> Required work
Could you print every line from the first one of the records below through the line containing "pool at dusk", with both included and nothing else?

*** Material for the task

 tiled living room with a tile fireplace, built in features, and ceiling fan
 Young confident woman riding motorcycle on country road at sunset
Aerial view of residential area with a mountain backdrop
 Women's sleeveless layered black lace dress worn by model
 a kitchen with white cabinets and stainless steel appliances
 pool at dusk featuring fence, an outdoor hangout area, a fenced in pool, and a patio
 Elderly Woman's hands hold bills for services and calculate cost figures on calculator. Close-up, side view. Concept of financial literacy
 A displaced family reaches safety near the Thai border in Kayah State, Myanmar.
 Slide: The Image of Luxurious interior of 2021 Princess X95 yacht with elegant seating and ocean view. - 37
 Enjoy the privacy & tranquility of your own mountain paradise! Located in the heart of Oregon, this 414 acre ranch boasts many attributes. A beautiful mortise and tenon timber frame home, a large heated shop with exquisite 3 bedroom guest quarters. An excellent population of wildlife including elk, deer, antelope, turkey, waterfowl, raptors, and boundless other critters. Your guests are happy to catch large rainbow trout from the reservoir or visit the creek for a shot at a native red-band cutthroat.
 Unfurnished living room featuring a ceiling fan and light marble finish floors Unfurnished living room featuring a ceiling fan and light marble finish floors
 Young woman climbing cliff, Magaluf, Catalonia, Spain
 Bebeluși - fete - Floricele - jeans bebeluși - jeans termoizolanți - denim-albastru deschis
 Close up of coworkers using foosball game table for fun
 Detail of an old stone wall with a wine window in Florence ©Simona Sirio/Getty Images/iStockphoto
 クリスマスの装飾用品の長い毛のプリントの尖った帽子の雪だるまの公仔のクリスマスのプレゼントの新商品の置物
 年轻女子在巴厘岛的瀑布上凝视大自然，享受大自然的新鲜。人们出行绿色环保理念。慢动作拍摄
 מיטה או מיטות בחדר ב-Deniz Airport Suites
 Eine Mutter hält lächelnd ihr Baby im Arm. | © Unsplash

******

> Result of the exercise
 tiled living room with a tile fireplace, built in features, and ceiling fan
 Young confident woman riding motorcycle on country road at sunset
Aerial view of residential area with a mountain backdrop
 Women's sleeveless layered black lace dress worn by model
 a kitchen with white cabinets and stainless steel appliances
 pool at dusk featuring fence, an outdoor hangout area, a fenced in pool, and a patio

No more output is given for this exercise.